■ Given data
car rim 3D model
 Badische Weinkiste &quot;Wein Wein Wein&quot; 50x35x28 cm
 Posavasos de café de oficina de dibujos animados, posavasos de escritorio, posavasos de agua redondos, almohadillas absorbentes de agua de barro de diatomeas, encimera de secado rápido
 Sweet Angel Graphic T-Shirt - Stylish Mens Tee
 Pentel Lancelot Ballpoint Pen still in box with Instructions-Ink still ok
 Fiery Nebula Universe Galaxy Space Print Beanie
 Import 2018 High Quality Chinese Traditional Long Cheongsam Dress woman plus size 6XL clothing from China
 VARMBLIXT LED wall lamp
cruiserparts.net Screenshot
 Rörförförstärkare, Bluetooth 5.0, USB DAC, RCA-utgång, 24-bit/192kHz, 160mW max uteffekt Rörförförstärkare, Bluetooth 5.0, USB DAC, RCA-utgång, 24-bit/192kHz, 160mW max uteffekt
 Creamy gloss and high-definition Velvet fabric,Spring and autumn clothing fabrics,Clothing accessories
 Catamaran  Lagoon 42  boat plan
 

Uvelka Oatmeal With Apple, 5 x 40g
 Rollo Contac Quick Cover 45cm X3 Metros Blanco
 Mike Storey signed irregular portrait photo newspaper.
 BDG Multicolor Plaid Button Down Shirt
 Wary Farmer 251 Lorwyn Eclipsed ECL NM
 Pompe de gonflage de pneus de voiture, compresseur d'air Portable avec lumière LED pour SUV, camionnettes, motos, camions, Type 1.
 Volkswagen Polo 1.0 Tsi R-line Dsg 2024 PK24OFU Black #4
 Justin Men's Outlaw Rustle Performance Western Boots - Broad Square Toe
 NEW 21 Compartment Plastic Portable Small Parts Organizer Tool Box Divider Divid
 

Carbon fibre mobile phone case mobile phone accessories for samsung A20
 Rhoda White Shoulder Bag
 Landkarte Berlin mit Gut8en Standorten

■ Action item
Give only the lines from the one holding "Posavasos de café" through the one holding "Pompe de gonflage", each restated exactly as it appears above.

■ Reply
 Posavasos de café de oficina de dibujos animados, posavasos de escritorio, posavasos de agua redondos, almohadillas absorbentes de agua de barro de diatomeas, encimera de secado rápido
 Sweet Angel Graphic T-Shirt - Stylish Mens Tee
 Pentel Lancelot Ballpoint Pen still in box with Instructions-Ink still ok
 Fiery Nebula Universe Galaxy Space Print Beanie
 Import 2018 High Quality Chinese Traditional Long Cheongsam Dress woman plus size 6XL clothing from China
 VARMBLIXT LED wall lamp
cruiserparts.net Screenshot
 Rörförförstärkare, Bluetooth 5.0, USB DAC, RCA-utgång, 24-bit/192kHz, 160mW max uteffekt Rörförförstärkare, Bluetooth 5.0, USB DAC, RCA-utgång, 24-bit/192kHz, 160mW max uteffekt
 Creamy gloss and high-definition Velvet fabric,Spring and autumn clothing fabrics,Clothing accessories
 Catamaran  Lagoon 42  boat plan
 

Uvelka Oatmeal With Apple, 5 x 40g
 Rollo Contac Quick Cover 45cm X3 Metros Blanco
 Mike Storey signed irregular portrait photo newspaper.
 BDG Multicolor Plaid Button Down Shirt
 Wary Farmer 251 Lorwyn Eclipsed ECL NM
 Pompe de gonflage de pneus de voiture, compresseur d'air Portable avec lumière LED pour SUV, camionnettes, motos, camions, Type 1.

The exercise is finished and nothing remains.